Le printemps fait croître les feuilles dans les arbres mais aussi l'espoir de retourner au travail pour les quelque 4000 travailleurs des scieries québécoises mis à pied en attendant que le marché du bois d'oeuvre s'améliore.

Lentement, mais de façon constante, le prix des «2 par 4» augmente depuis la fin de 2009. La semaine dernière, il a atteint son plus haut niveau depuis mai 2006.

À 342$ US le millier de pieds-mesure-de-planche, le prix du bois de construction a aussi franchi un seuil à partir duquel les droits compensatoires que les producteurs doivent payer sur leurs exportations seront réduits, comformément à l'entente canado-américaine sur le bois d'oeuvre.

Le 1er mai, cette taxe à l'exportation passera de 5% à 3%, précise Jacques Robitaille, du Conseil de l'industrie forestière du Québec. Si les prix continuent d'augmenter et dépassent les 355$ US le millier de pieds-mesure-de-planche, la taxe disparaîtra et l'accès au marché américain, selon les quotas fixés par l'entente, sera élargi.

«C'est une embellie certainement bienvenue des producteurs», a commenté le représentant de l'industrie.

Les producteurs continuent toutefois de payer une surtaxe sur leurs exportations, imposée à la suite de leur défaite devant un tribunal international. La bonne nouvelle, selon lui, c'est que plus les prix augmentent, et plus cette surtaxe totalisant 54,5 millions sera payée rapidement.

Selon l'indice mondial des produits forestiers de Bloomberg, l'industrie est en déclin depuis le mois de juillet 2007 et elle a atteint le creux de la vague en septembre dernier. Au Québec, toutefois, la décroissance de l'industrie forestière a commencé bien avant, en raison d'une surcapacité de production et de la rareté de la ressource dans certaines régions.

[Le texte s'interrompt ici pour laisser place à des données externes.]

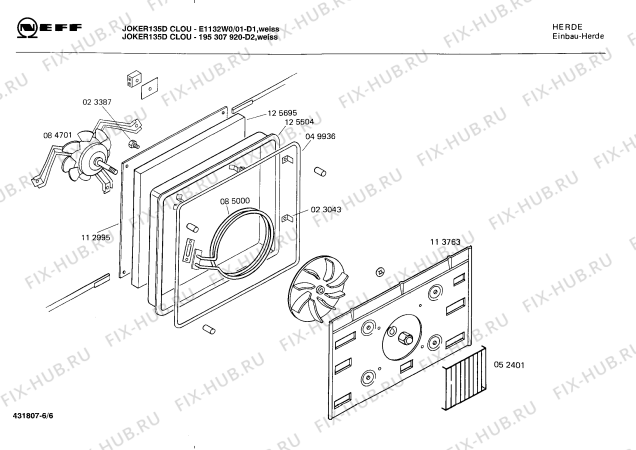 Схема №6 195307920 JOKER 135 D CLOU с изображением Переключатель для плиты (духовки) Bosch 00031094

Depuis 2005, 66 scieries et 3300 emplois ont disparu au Québec. Près de 4000 travailleurs sont toujours en chômage temporaire dans une soixantaine de scieries qui ont cessé leurs activités ou qui fonctionnent au ralenti, selon le relevé au 15 avril 2010 du ministère québécois des Ressources naturelles.

L'industrie du sciage revient de loin. En 2009, sa production totale n'était plus que la moitié de ce qu'elle était lors du sommet du dernier cycle.

C'est pourquoi la prudence reste de mise. «On observe cette tendance (à l'amélioration des prix), mais ça ne change pas le niveau de nos opérations pour le moment», a indiqué le porte-parole d'Abitibi-Bowater, Jean-Philippe Côté.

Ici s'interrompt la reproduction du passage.